Nos dias que se seguiram, uma rotina completamente diferente se instalou na velha casa da rua dois. Todos os dias Remus levantava, fazia café da manhã e não abria a livraria, que continuava fechada para investigações. Ao invés disso, pegava uma bandeja, subia as escadas e tomava seu café ao lado do moreno que agora ocupava o quarto de cima. Nos últimos dias, tinha se tornado especialista em preparar panquecas, café da manhã preferido de Sirius, e até acreditava que elas podiam ser melhores que as torradas que normalmente comia, mas não sabia ao certo se pelo gosto ou pela companhia.
Com a barriga cheia, Remus ajudava Sirius a descer as escadas e os dois passavam o dia inteiro fazendo alguma coisa boba. Em uma tarde ficavam jogando conversa fora na sala, em outra assistiam filmes antigos que ele nem lembrava que tinha.

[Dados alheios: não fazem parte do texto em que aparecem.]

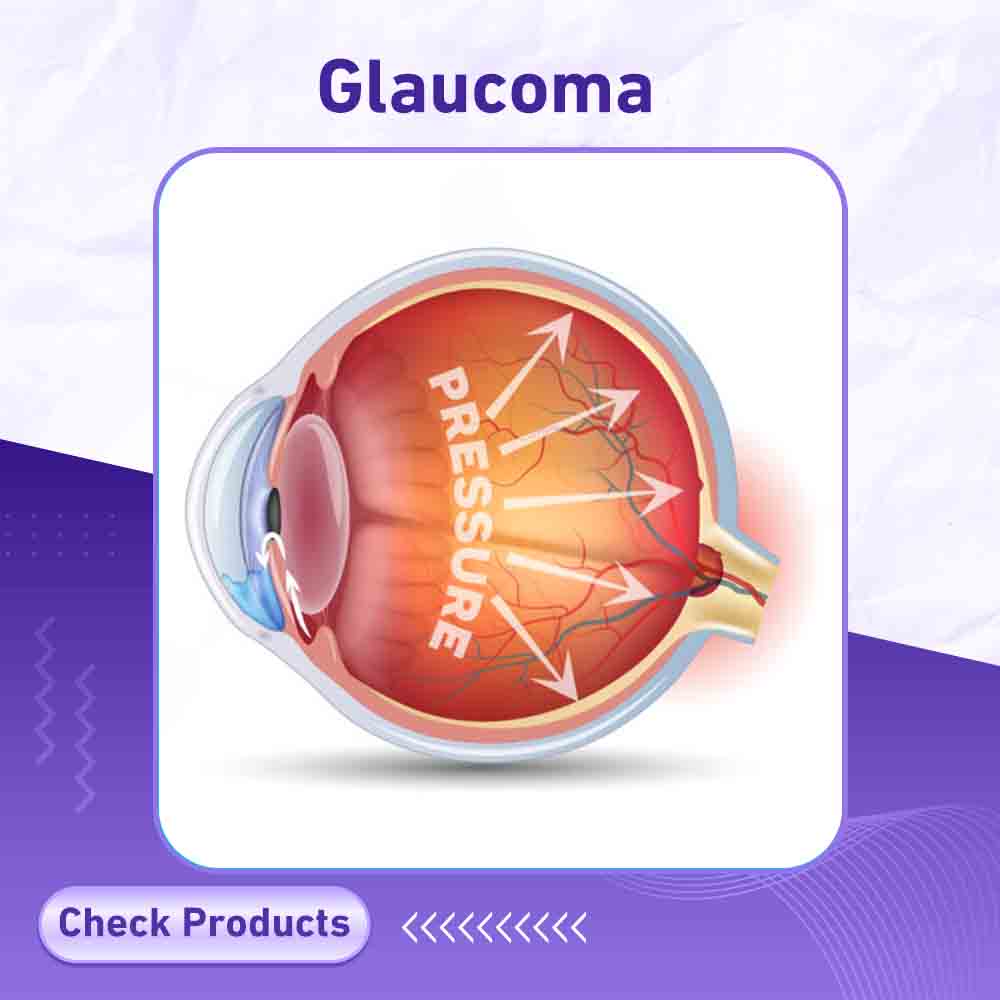 Glaucoma - Berlin Pharmacy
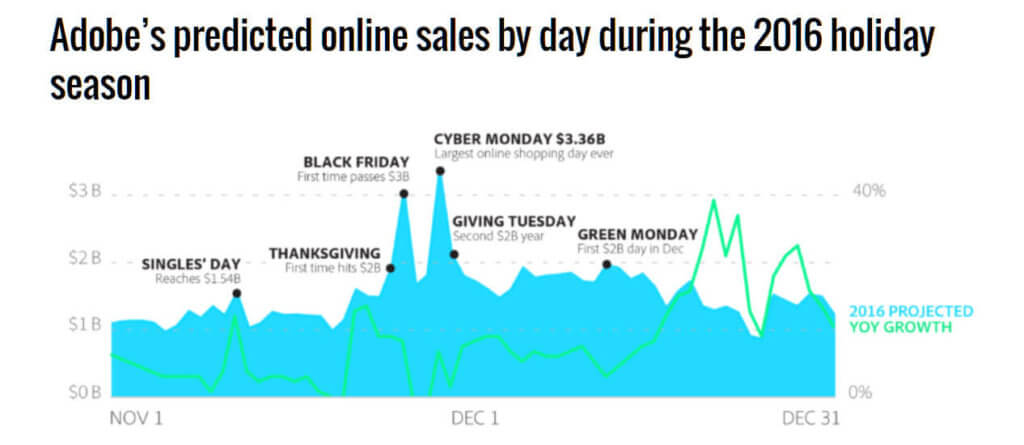 black friday adobe season predictions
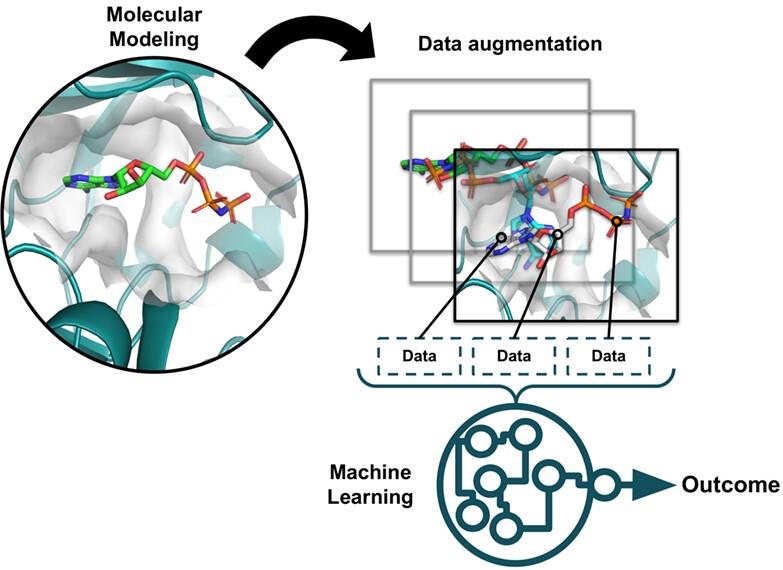 Combining machine-learning and molecular-modeling methods for drug-target affinity predictions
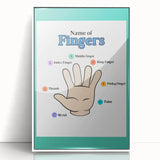 Kids Educational Wall Art - Finger Names Learning Poster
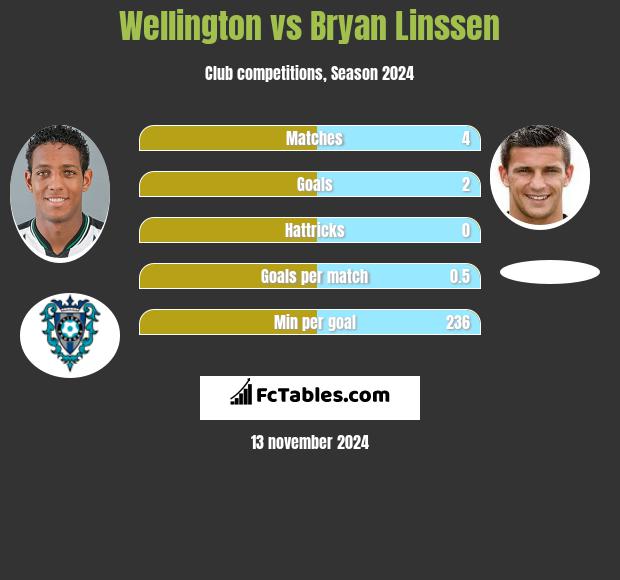 Wellington vs Bryan Linssen h2h player stats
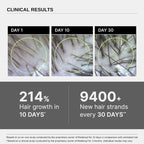 Bare Anatomy Advanced Hair Growth Serum for Scalp 3% Redensyl, 4% Anagain, 3% Baicapil | Grocsy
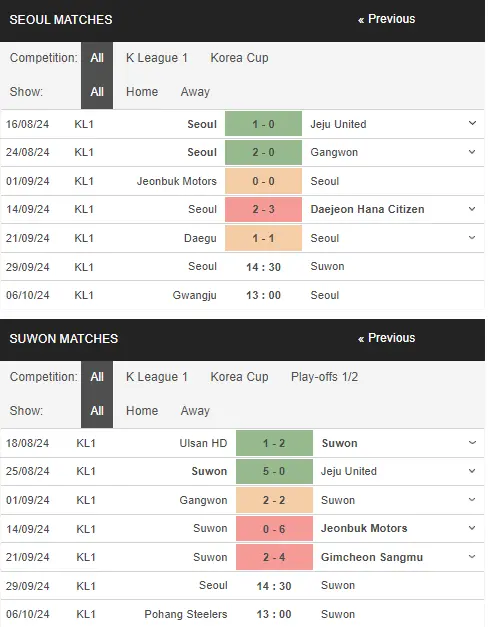 Soi kèo nhà cái Seoul vs Suwon, 14h30 ngày 299 – K League I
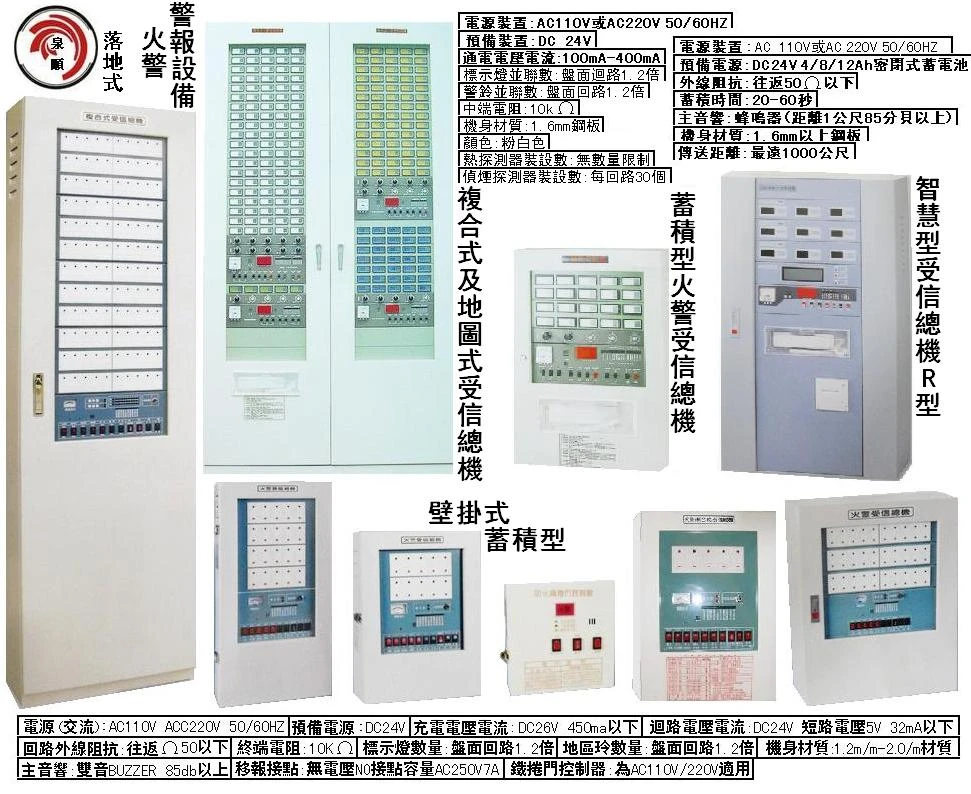 火警受信總機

No terceiro dia, Sirius achou um álbum de fotos antigas.
- Que filhote fofinho você era. – Disse o moreno, pegando Remus de surpresa. – Quantos anos você tinha aqui?
- Acho que uns dois ou três. – Respondeu Remus, largando os pratos do almoço que ia levar para a cozinha. – Tinha ganhado uma caixa de chocolate inteira só para mim.
- Quem dá uma caixa de chocolate inteira para uma criança? – Sirius riu, virando a página para encontrar uma foto muito antiga. – Esses são seus pais?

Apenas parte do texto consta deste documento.